Schattner hat in Eichstätt über zwei Dutzend Projekte ausgeführt, darunter Kirchen und Kapellen, Institutsgebäude und Bibliotheken. Dadurch hat er der Kleinstadt nicht nur seinen Stempel aufgeprägt, sondern sie weltberühmt gemacht. Was den „Schattner-Charme“ ausmacht, zeigt besonders sein letztes Bauwerk für Eichstätt, das Diözesanarchiv aus dem Jahr 1992. Im Sinne der vom Architekten gepflegten „Nahtstelle“ hält der neue Baukörper durch ein Glashaus respektvollen Abstand zum historischen Gebäude. Zwei günstige Voraussetzungen hat Schattner stets betont: seinen Bauherrn, dem es nicht um Rendite ging, sondern um eine zeitgemäße Baukultur, und Spezialbetriebe des Handwerks in der Region, mit denen selbst schwierige Aufgaben zu lösen waren.
Förderer und Juror
Schattner hat aber auch dafür gesorgt, dass gute Architektur nach Eichstätt kam, etwa durch die Universitätsbibliothek von Günter Behnisch, die Sprachheilschule von Eberhard Schunck und das Studentenwohnheim von Werner Wirsing.
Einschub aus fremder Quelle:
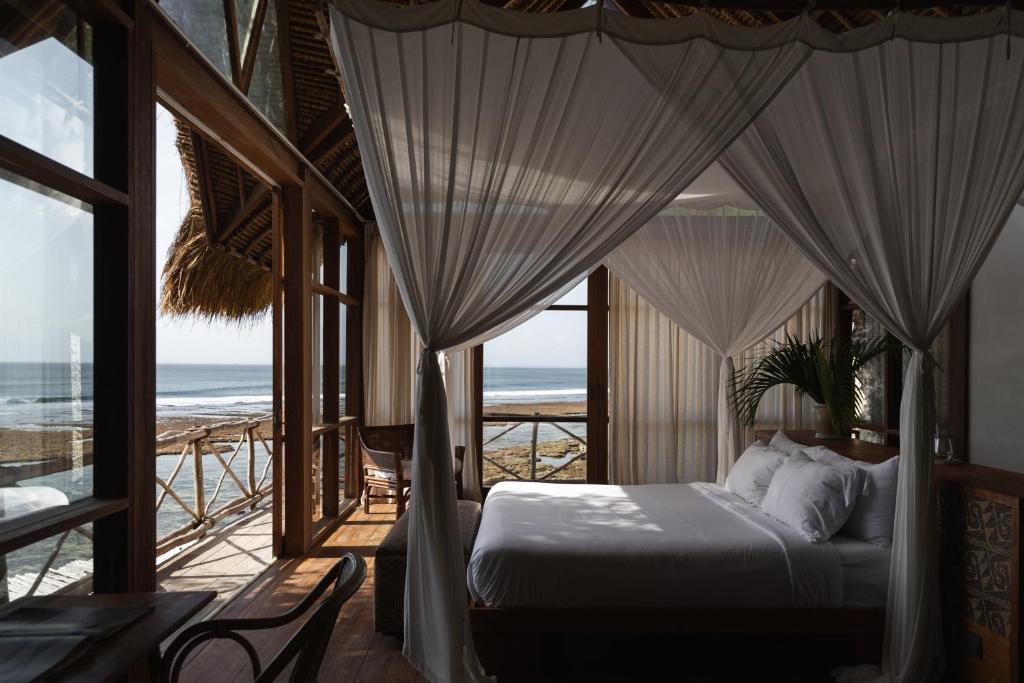 乌鲁瓦图Uluwatu Surf Shack的一间卧室设有一张床,享有海景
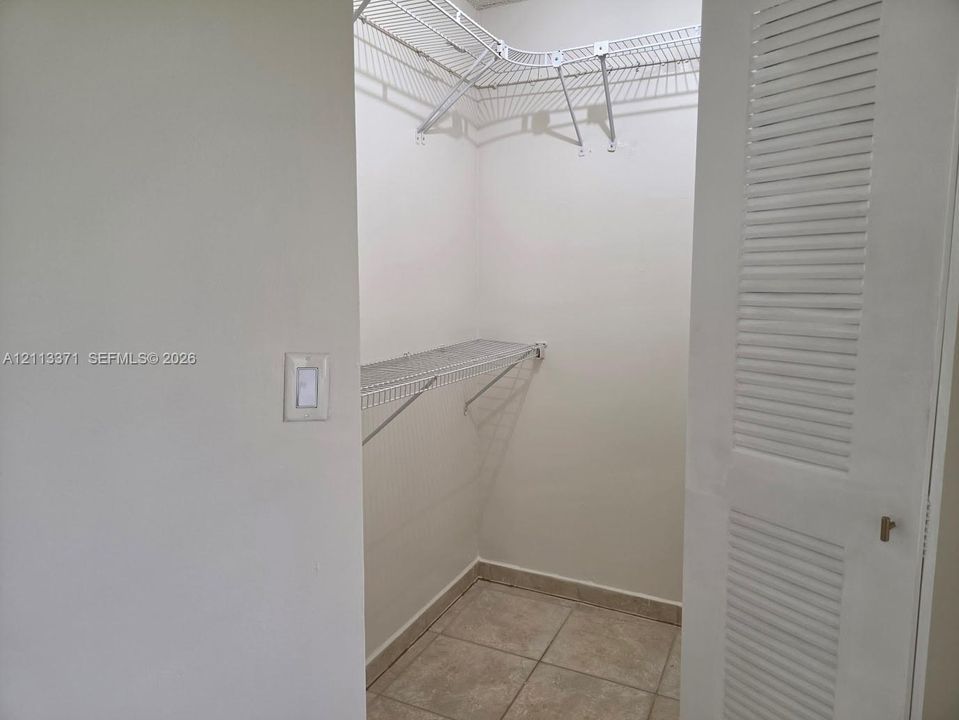 Walk-in closet featuring white louvered doors, tile flooring, and installed wire shelving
Auswärts machte er seinen Einfluss bei vielen Wettbewerben geltend: Zusammen mit seinem Freund Max Bächer, der im vergangenen Dezember verstarb, bildete er ein legendäres Juroren-Duo. Gegenüber Ulrich Conrads hat Schattner einmal bekannt, er sei „kein schreibender Architekt“. Tatsächlich war er kein Mann der großen Worte, auch sein Vortrag in Finnland beim Aalto-Symposium war ein nüchterner Bericht. Freundschaften waren ihm wichtig, darunter zu Luigi Snozzi und zum Fotografen Klaus Kinold. Und er blieb neugierig – schon früh hat er auf den damals noch wenig bekannten Peter Zumthor aufmerksam gemacht.
Schattner war ein moderner Architekt aus abendländischem Geist mit einem hohen Verantwortungsbewusstsein. So hat er denn auch sein Bauamt als „Bauhütte“ verstanden. Aus ihr sind zahlreiche begabte Mitarbeiter hervorgegangen, die nun schon seit Jahren im ganzen bayerischen Raum weiterführen, was sie beim Diözesanbaumeister gelernt haben. Sein eigenes Werk wurde zuletzt mit einer Ausstellung zum 85. Geburtstag in der Münchner Galerie der Deutschen Gesellschaft für christliche Kunst geehrt. Am 10. April ist Schattner nach langer Krankheit im 87. Lebensjahr in Eichstätt gestorben. Mit ihm ist nicht nur ein großer deutscher, sondern ein großer europäischer Architekt von uns gegangen.